Ultima riprova un paio di giorni fa a Ginevra, in un consesso che sembra aver gratificato più che altro l’orgoglio neutralista elvetico, dove alla fine la montagna della guerra commerciale alla Cina, che per mesi aveva suggerito ai commentatori le più fosche previsioni, ha partorito il topolino dell’ennesima sospensione (parziale, in questo caso) di 90 giorni. Una prassi ormai collaudata, che conduce al sospetto che il modus operandi dell’irruente tycoon non si discosti di molto da quelli che si cacciano nelle risse gridando agli amici: “Tenetemi!”, da almeno cinque passi di distanza dall’avversario. Si potrebbe dire che le minacce di Trump stanno perdendo credibilità, ma anche questa sarebbe una valutazione miope: al bullo non interessa che le sue minacce siano credibili, gli interessa che facciano paura, che è tutta un’altra cosa.
Le spiegazioni per questa condotta apparentemente irrazionale da parte dell’uomo più potente del mondo in realtà ci sono, e come spesso accade con i fenomeni che ci riguardano troppo da vicino sono tutte giuste e tutte insufficienti: da un lato Trump sta mettendo in pratica la strategia teorizzata tempo fa da Steve Bannon di ingozzare media e avversari fino a stordirli (solo nelle ultime 72 ore, il presidente e il suo consigliere di fiducia hanno promesso di riaprire Alcatraz e definito “truccata” l’elezione del nuovo papa: mancano per ora all’appello l’area 51 e il codice Da Vinci, ma non mettiamo limiti alla fantasia), dall’altro prova a fare come quei commercianti che alzano i prezzi del 50% per poi prenderti sotto braccio e proporti, in via del tutto eccezionale, uno sconto del 40%.

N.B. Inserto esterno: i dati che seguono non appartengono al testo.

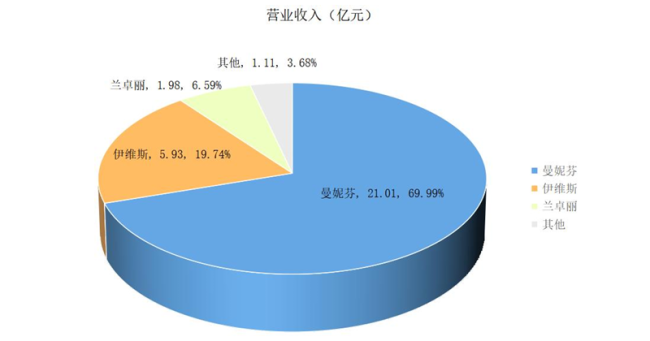 “文胸大王”汇洁股份：高分红、吃老本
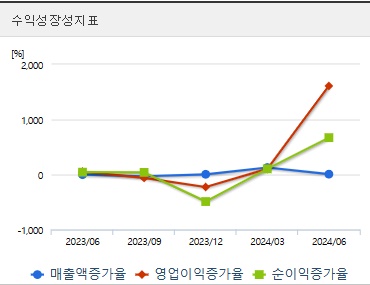 네이처셀 주가 전망 성장성 (1028)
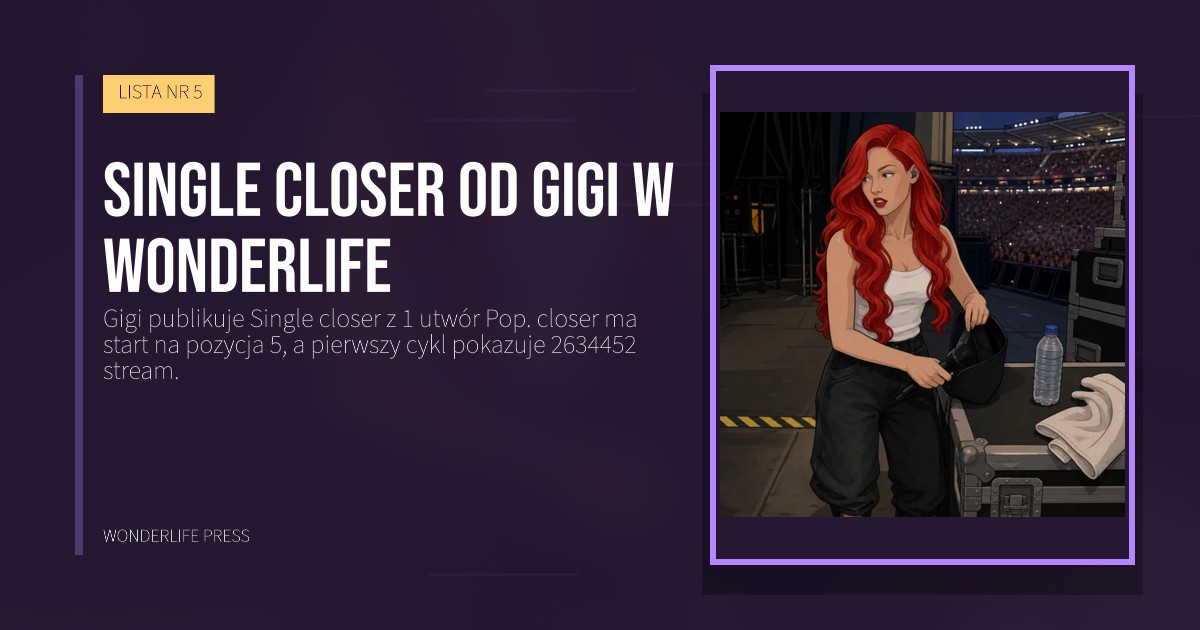 Wonderlife Press: Single closer od Gigi w Wonderlife. okładka wydawnictwa. LISTA NR 5.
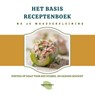 Het basisreceptenboek na je maagverkleining - Marie-Josee Koks - 9789083191423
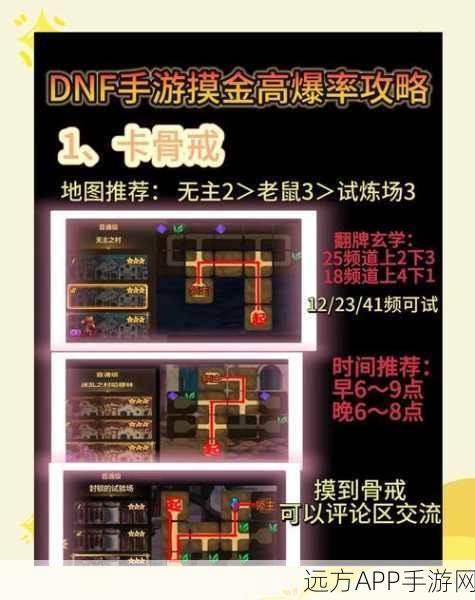 DNF手游高效成长攻略，精选刷胶囊地图与独家爆料大揭秘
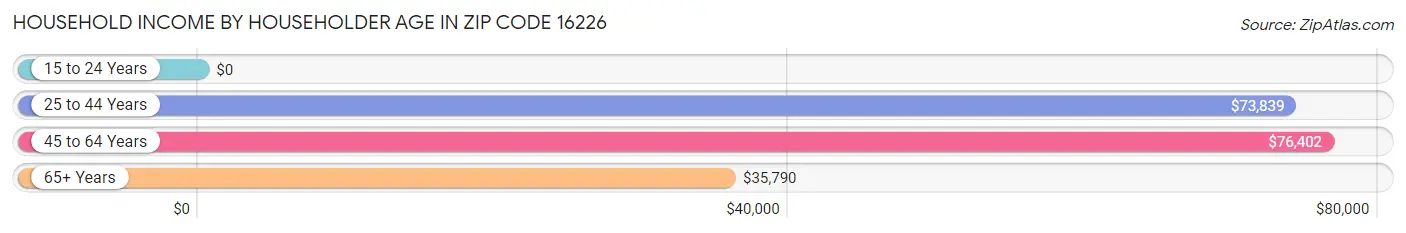 Household Income by Householder Age in Zip Code 16226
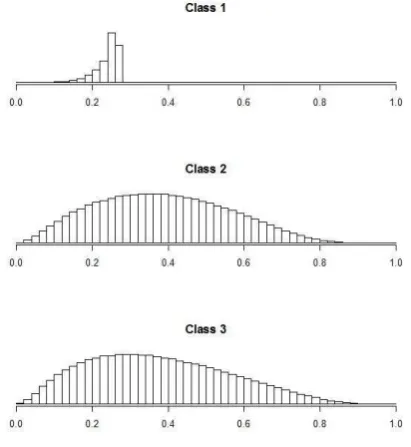 Figure 2: Simulated allocation probabilities 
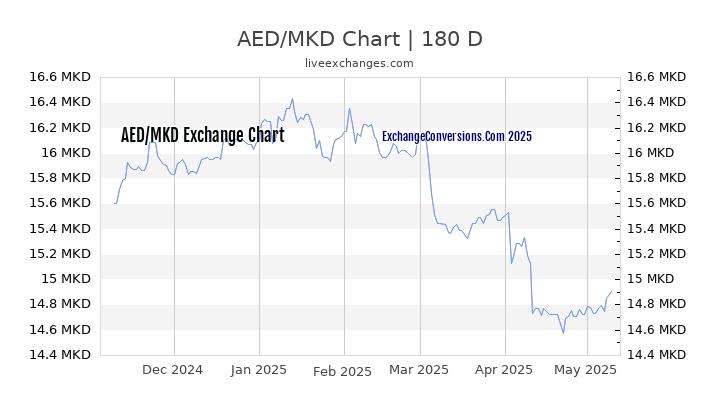 AED to MKD Currency Converter Chart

Tutto vero, ma a un livello più profondo l’improvvisazione trumpiana è uno specchio, non molto lusinghiero, di una stagione della nostra democrazia che forse si interpreta meglio con gli strumenti della neurochimica che con quelli della politica tradizionale, nella quale infatti i politici più spregiudicati e vincenti misurano l’efficacia delle proprie azioni quasi più con le unità di misura della dopamina e del cortisolo che con quelle del Pil o del progresso globale. Quanto potrà durare questa specie di rave party ormonale di massa? Difficile dirlo. Certamente Trump non mollerà facilmente l’unica strategia che gli permette di proseguire, al governo, il bombardamento cognitivo delle sue campagne elettorali. Gioverebbe forse che fossero altri attori a interrompere il concerto del pifferaio, piantandola per esempio di spacciare per febbrili vertici diplomatici quelli che ne sono ormai a tutti gli effetti delle parodie.